If you're in a small to medium sized start up, and you hear that kind of metric waffling, a medium are smaller non profitable start up that is already tightening the belt on performance, that is your queue to start your search. The chance of not having some form of layoff with the next one to two quarters is below 5%. In all my years I've never seen a sinking ship begin to fly.

This is the real life equivalent of a smaller guy puffing out his chest, he's going to get a whooping, but for a few seconds in his head he feels invincible. Same here, I wouldn't bet on that company anymore than I'd risk my money on inflated lungs guy.

So here's the thing, any real unicorn company, not some pump and dump, or pump and sell for parts grows way faster than your 10 year mountain mess. The unicorns that exist today, and realistically only unicorn start ups and finite businesses make it, had rapid growth in their first two years. They were like rockets, and you just watched a dud give a speech. I'm not impressed.

They over hire and under fire, like you'all spin up resources in your elastic infra of choice. More rantings on over inflated under needed value of elastic to come in another write up.

That boring power point, is your 1-2 quarter new job take off strip. Use it or lose it.

Here come the week of, or near term signals, and what you can do to protect yourself in the event you voluntarily decided to stay. Managers have feelings like regular humans, they WILL behave differently once they know you're on the block. This is your 11th hour notice to back up what you need. I recommend all or some of this following if not more:

  • download all your performance reports
  • download pay stubs
  • screenshot any positive attributions of your work

These are yours to keep, DO NOT steal from your shit company. Let them keep their coal.

HR will typically block off their calendar in a strategic pattern the day of layoffs. Starting with a whole day block in case employees don't show up to their specific exit meeting. They are trying to ambush you after all.
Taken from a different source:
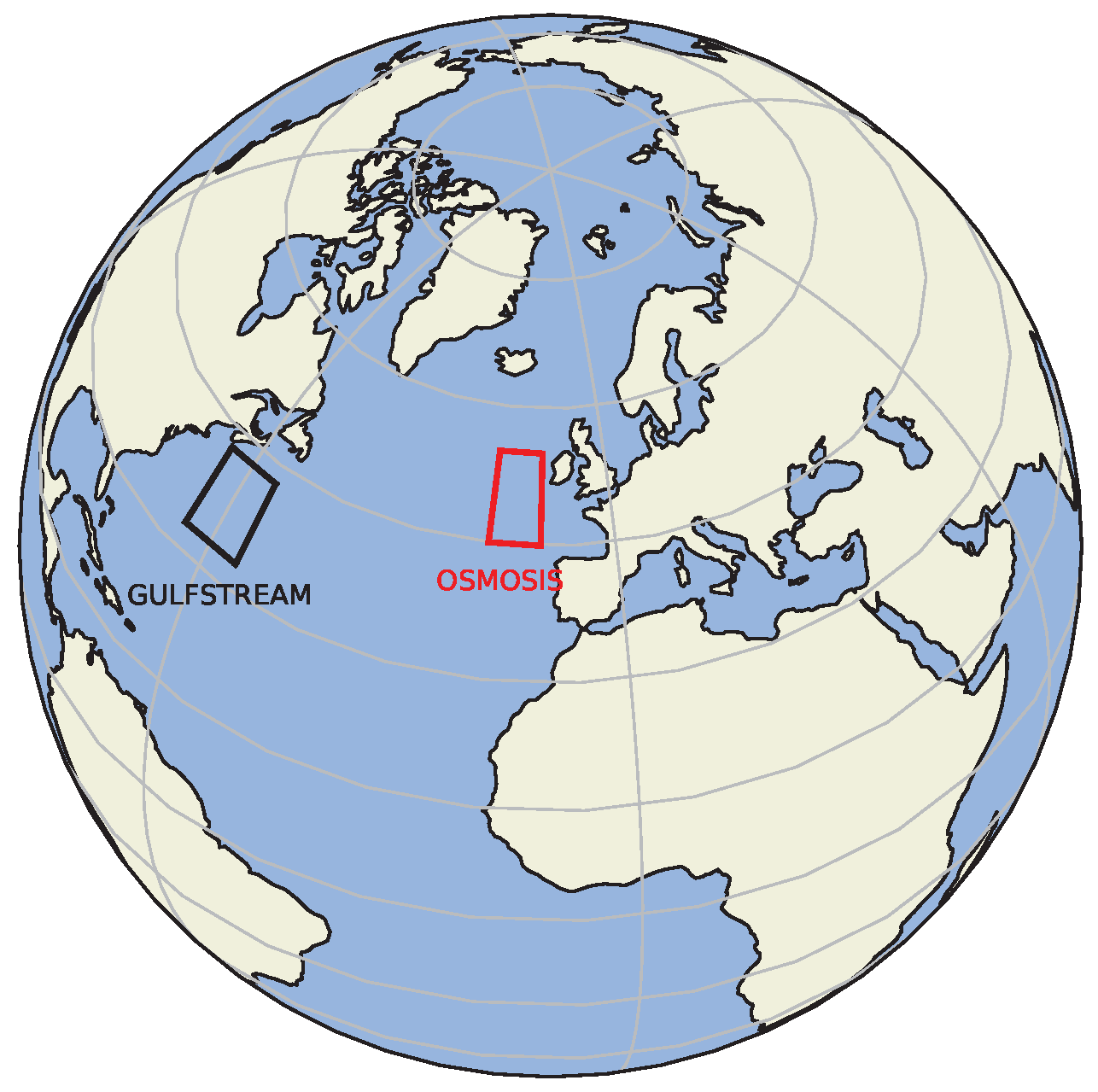 Remotesensing 12 03806 g001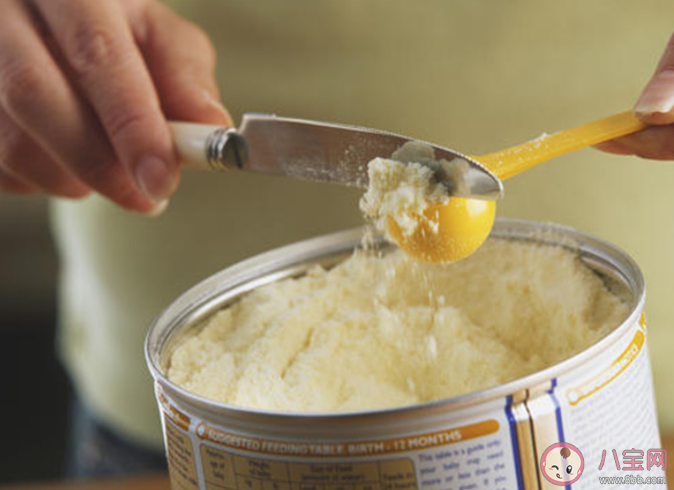 奶粉中DHA含量越高越好嗎 什么奶粉好 奶粉中DHA含量越高越好嗎 什么奶粉好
This gives HR the freedom to adjust ad hoc as needed. If you see a bunch of small 10-15 min meetings on HR's calendar, especially ones that overlap your strangely out of place sync with your boss, you're on the block and so archive and send your self your data, and prepare for any research that will help accomplish whatever you set out to do in that meeting.

You CAN negotiate severance. Use your prep time to figure out what those demands are.

If you're on the list, BE PROFESSIONAL. Do not warn others you figured it out, or notify they're being laid off too. It's too late to make a difference, unless you want to harm yourself and your professional leverage.

Also please remember, that failing start up you worked for means nothing to the industry, or you, in the long term, your colleagues are your future friends + allies in the field and key players in helping you fine a new role. Make sure to set them up for success, without disclosing too much before you part.

Please never let a job or company define who you are, your worth, or any future thought you have about yourself. CEOs running financially insolvent companies are doing poorly all by themselves, their lack of humanity and skill is a them problem.

Cheers.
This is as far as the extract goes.